Quelques anecdotes sur les cabarets parisiens mythiques

La tour Eiffel venait d’être construite pour l’Exposition de Paris de 1889, de nouveaux monuments flashy émergeaient au centre et le mouvement impressionniste était à son apogée. Au tournant du XXe siècle, Paris marquait le début des années glamour de la Belle Époque. Les gens avaient de l’argent à dépenser et étaient libres de révolutions et de guerres pour la première fois de l’histoire – et avec le boom est venu la décadence et l’hédonisme. Repérez les bordels et les cabarets de Pigalle.

À la fin des années 1800, Paris était vivant avec une grande partie de l’action se déroulant dans les coins sombres et miteux du quartier Pigalle dans le 18e arrondissement. Ancien quartier chaud de Paris, Pigalle est aujourd’hui plus proche d’une ville jouet rappelant son apogée débauchée que d’un centre bio de la culture parisienne, mais ses nombreux cabarets tels que le Moulin Rouge construit en 1889, et le plus récent Lido construit en 1946, réussit toujours à attirer les foules du monde entier ; une foule dont la fascination pour « l’art du nu » (l’art du nu ou « l’art nu ») reste intacte.

D’habitude extrêmement kitsch, le cabaret dit plus Las Vegas que Paris, même en France. Souvent burlesques, les spectacles de femmes à peine vêtues de plumes et de paillettes stratégiquement placées ont tendance à s’adresser aux adultes. Le cabaret est très axé sur la nostalgie des paillettes et du glamour de la fin du XIXe siècle. Et bien que les cabarets n’aient pas grand-chose à voir avec la culture contemporaine, ils constituent toujours une pierre angulaire de l’humour français, de la perception des rôles de genre et du rapport de la société au corps féminin.

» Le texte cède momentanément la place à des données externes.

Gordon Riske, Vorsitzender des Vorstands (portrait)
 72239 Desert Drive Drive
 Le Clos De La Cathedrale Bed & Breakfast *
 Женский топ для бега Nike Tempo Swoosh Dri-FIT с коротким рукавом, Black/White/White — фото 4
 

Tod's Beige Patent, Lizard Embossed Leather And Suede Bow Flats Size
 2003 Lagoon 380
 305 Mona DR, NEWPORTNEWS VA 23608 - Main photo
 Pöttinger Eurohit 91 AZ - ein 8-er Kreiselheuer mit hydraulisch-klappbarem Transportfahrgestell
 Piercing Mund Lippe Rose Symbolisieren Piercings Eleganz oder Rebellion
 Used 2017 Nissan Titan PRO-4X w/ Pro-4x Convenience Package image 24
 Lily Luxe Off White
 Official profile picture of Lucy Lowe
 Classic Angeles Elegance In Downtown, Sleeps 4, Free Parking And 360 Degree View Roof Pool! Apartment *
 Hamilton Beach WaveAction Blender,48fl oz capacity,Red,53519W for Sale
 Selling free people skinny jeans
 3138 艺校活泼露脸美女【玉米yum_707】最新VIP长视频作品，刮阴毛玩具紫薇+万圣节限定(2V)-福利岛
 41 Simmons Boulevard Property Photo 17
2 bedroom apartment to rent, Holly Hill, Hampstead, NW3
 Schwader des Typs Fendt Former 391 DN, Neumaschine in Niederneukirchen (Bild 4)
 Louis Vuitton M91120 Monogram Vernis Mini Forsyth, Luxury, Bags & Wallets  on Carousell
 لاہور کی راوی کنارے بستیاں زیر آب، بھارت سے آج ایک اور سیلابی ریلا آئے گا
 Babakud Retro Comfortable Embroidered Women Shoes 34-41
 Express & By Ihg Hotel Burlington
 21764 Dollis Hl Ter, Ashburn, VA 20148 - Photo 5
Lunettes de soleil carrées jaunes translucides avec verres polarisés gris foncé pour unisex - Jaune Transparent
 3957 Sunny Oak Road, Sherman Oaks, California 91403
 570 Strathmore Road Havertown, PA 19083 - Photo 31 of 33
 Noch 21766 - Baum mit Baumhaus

Le premier cabaret de Paris fut Le Chat Noir en 1881, qui est aujourd’hui surtout connu pour être un hôtel de charme. Les cabarets sont généralement des bars ou des restaurants avec une scène où se déroulent des spectacles, de la danse au chant, du théâtre à la comédie. À la fin des années 1800, ces établissements bruyants étaient davantage une plate-forme où les artistes pouvaient essayer de nouveaux actes. Au début des années 1990, le cabaret a connu un renouveau et a gagné un couple de crans bien mérité avec des danseuses telles que l’Américaine Dita Von Teese, qui a transformé la forme de divertissement en un art réputé. Mais le cabaret ne s’apparente pas nécessairement au burlesque. Le cabaret a cédé la place au café-théâtre, plus populaire auprès des locaux que le cabaret tel que nous le connaissons, qui a moins à voir avec l’érotisme et la forme féminine, et plus à voir avec l’art et la musique.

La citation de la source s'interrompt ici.